=== DATA SEGMENT ===
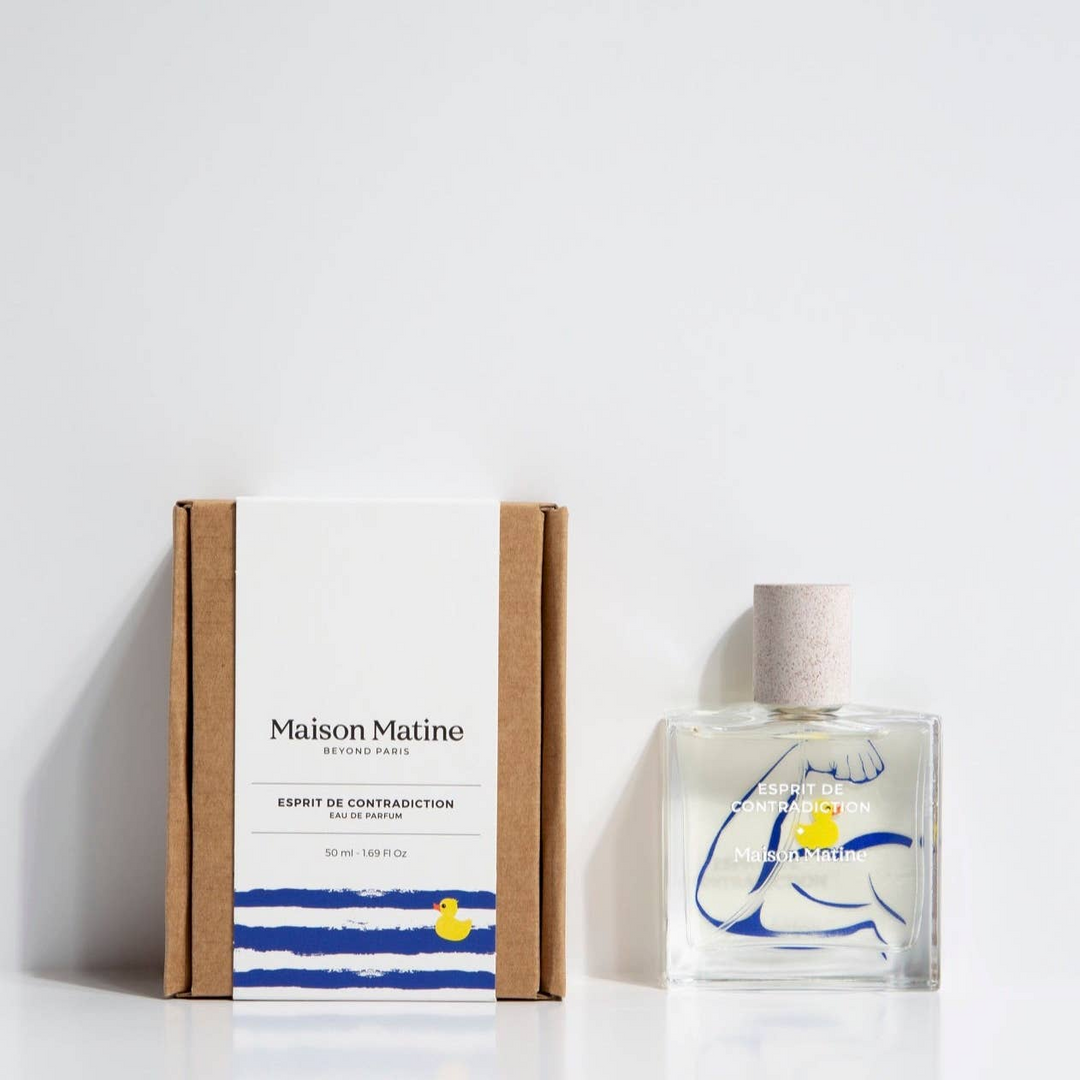 Glass bottle of Maison Matine perfume with an illustration of a flexed arm and a rubber duck sitting on the bicep on a white background. 

Maison Matine perfumes each have their own refreshing scent. The unisex, fresh, unique fragrances are created by eclectic, talented, creative perfumers.

Available at Luca Essentials in Los Angeles.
===
Write the data above out exactly. Leave out any pictures.

 Glass bottle of Maison Matine perfume with an illustration of a flexed arm and a rubber duck sitting on the bicep on a white background. 

Maison Matine perfumes each have their own refreshing scent. The unisex, fresh, unique fragrances are created by eclectic, talented, creative perfumers.

Available at Luca Essentials in Los Angeles.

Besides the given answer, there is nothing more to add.